**What the task asks**
Using the data below, print exactly the line with "These are not, I", the line with "When watching television, do", and every line between them, but none of the pictures.

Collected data
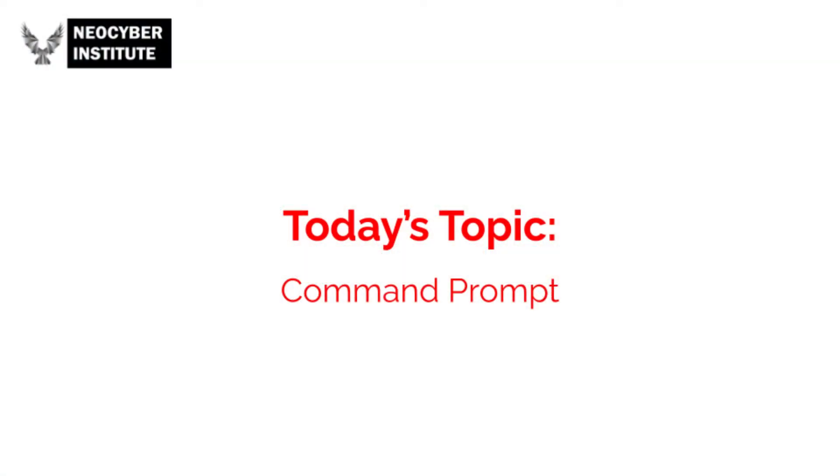Hi everyone, I'm Madeline from the New Cyber Institute, and today I'll be talking about commands that can be run in the terminal on a Windows operating system that are useful to everyone.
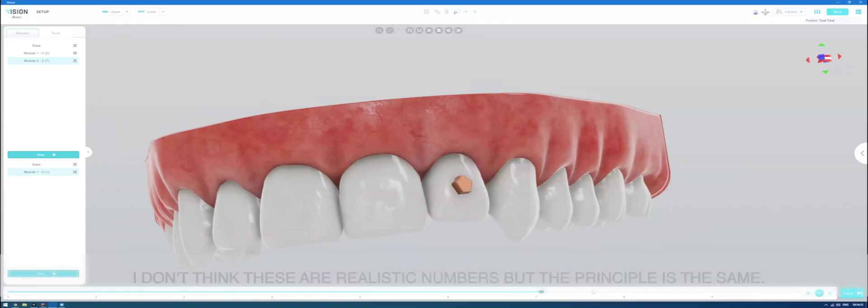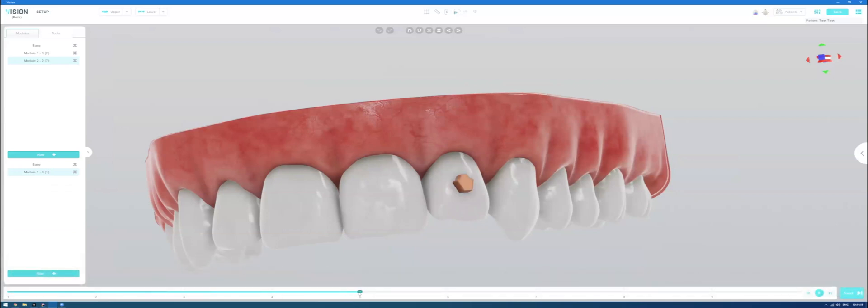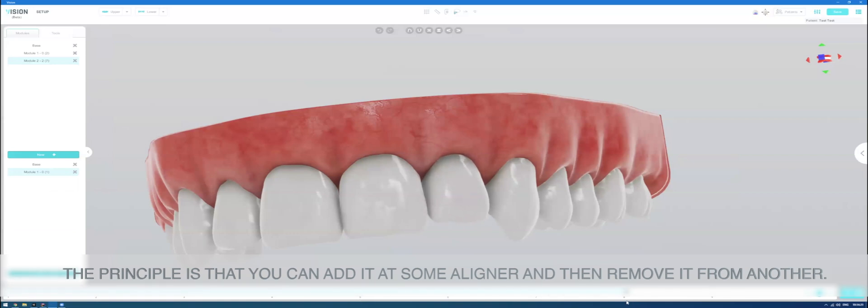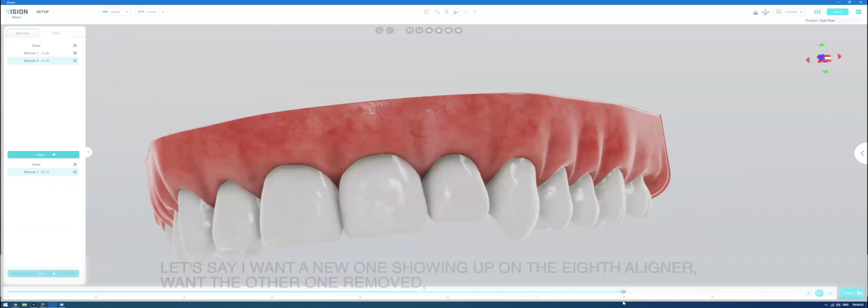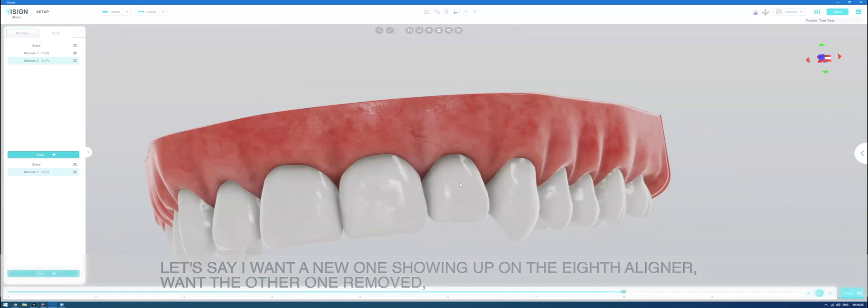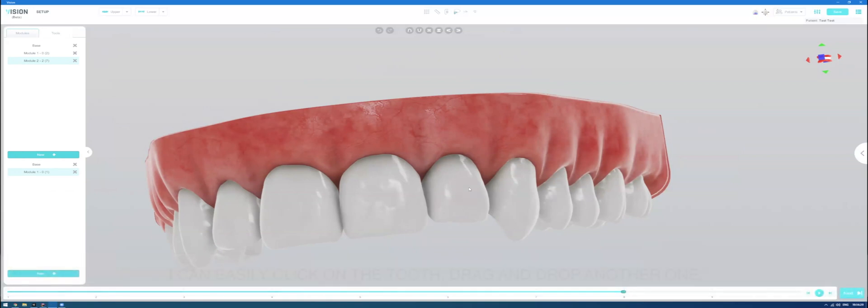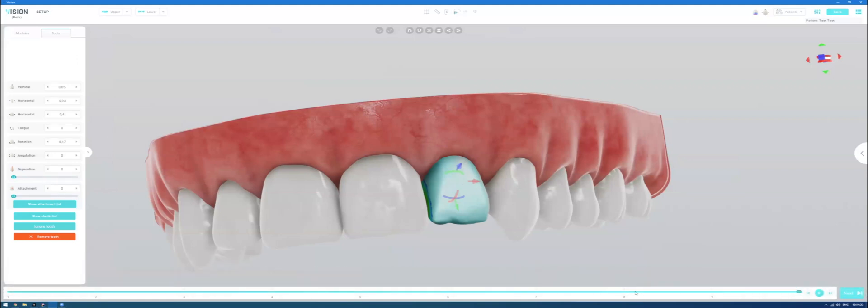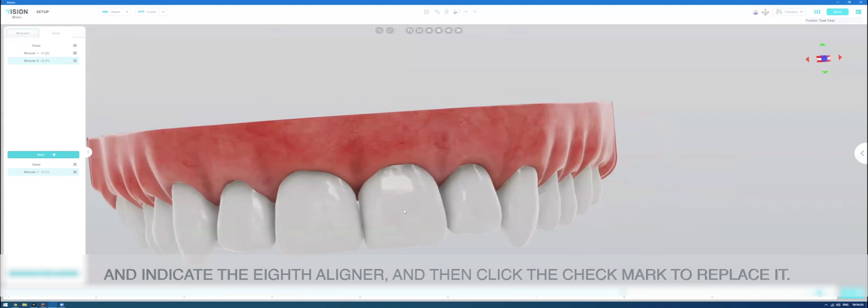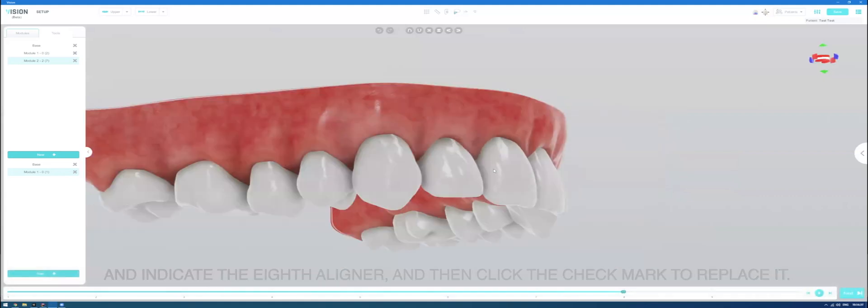These are not, I don't think these are realistic numbers, but the principle is the same. The principle is that you can add it at some aligner and then remove it from another. And let's say I want a new one showing up on the eighth aligner. Once the other one is removed, I can easily click on the tooth, drag and drop another one and indicate the eighth aligner and then click the check mark to replace it.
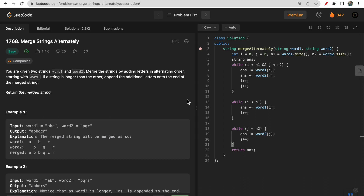Hello guys, welcome to Deep Codes. In today's video we will discuss LeetCode question 1768, Merge Strings Alternately. You are given two strings, word one and word two, and you need to merge the strings by adding characters in alternate order. If characters are remaining in one of the words, directly append them at the end of the merged string.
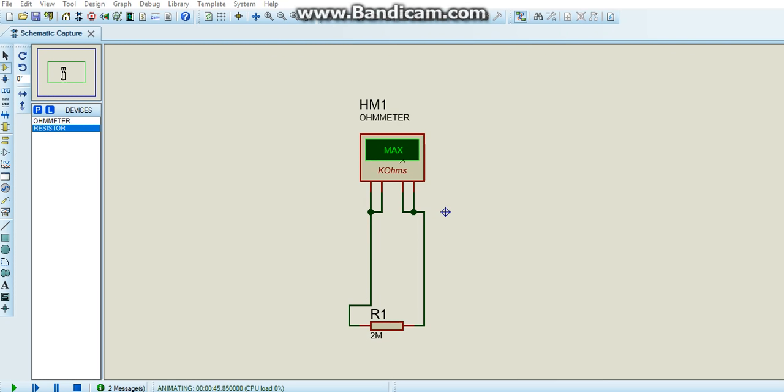As you can see, the ohmmeter shows maximum since the setting is in kilo ohms and we are measuring a 2 mega ohms resistor.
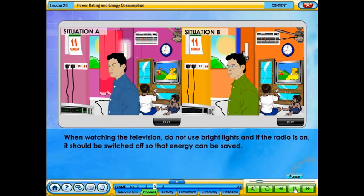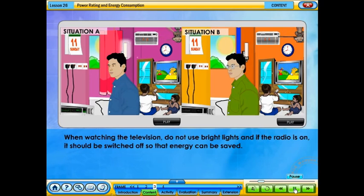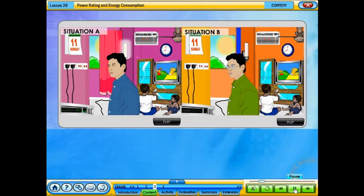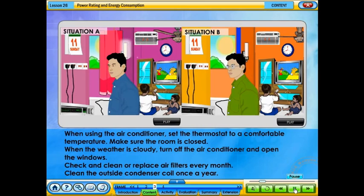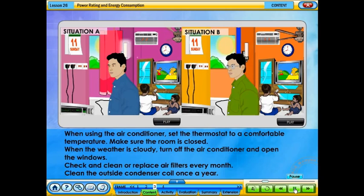When watching television, do not use bright lights, and if the radio is on, it should be switched off so that energy can be saved. When using the air conditioner, set the thermostat to a comfortable temperature. Make sure the room is closed. When the weather is cloudy, turn off the air conditioner and open the windows. Check and clean or replace air filters every month. Clean the outside condenser coil once a year.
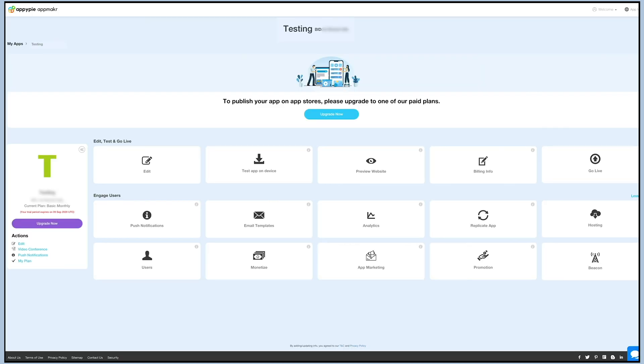Now you're all set to publish your app. You can go to my apps and publish your app on any app store of your choice. That's all for now. Thank you for watching. Don't forget to subscribe to our channel. Hit the bell icon to get latest updates instantly from Appy Pie.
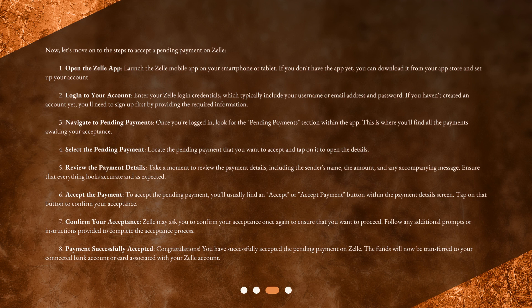Step 2: Log in to your account. Enter your Zelle login credentials, which typically include your username or email address and password. If you haven't created an account yet, you'll need to sign up first by providing the required information.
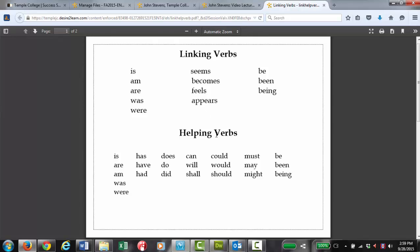For instance, linking and helping verbs. Well, is would be a linking verb if you read a sentence with the word is in there. You don't put a comma before that verb because it's a linking verb.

**Written answer**
These are not, I don't think these are realistic numbers, but the principle is the same. The principle is that you can add it at some aligner and then remove it from another. And let's say I want a new one showing up on the eighth aligner. Once the other one is removed, I can easily click on the tooth, drag and drop another one and indicate the eighth aligner and then click the check mark to replace it.
Hello guys, welcome to Deep Codes. In today's video we will discuss LeetCode question 1768, Merge Strings Alternately. You are given two strings, word one and word two, and you need to merge the strings by adding characters in alternate order. If characters are remaining in one of the words, directly append them at the end of the merged string.
As you can see, the ohmmeter shows maximum since the setting is in kilo ohms and we are measuring a 2 mega ohms resistor.
When watching television, do not use bright lights, and if the radio is on, it should be switched off so that energy can be saved. When using the air conditioner, set the thermostat to a comfortable temperature. Make sure the room is closed. When the weather is cloudy, turn off the air conditioner and open the windows. Check and clean or replace air filters every month. Clean the outside condenser coil once a year.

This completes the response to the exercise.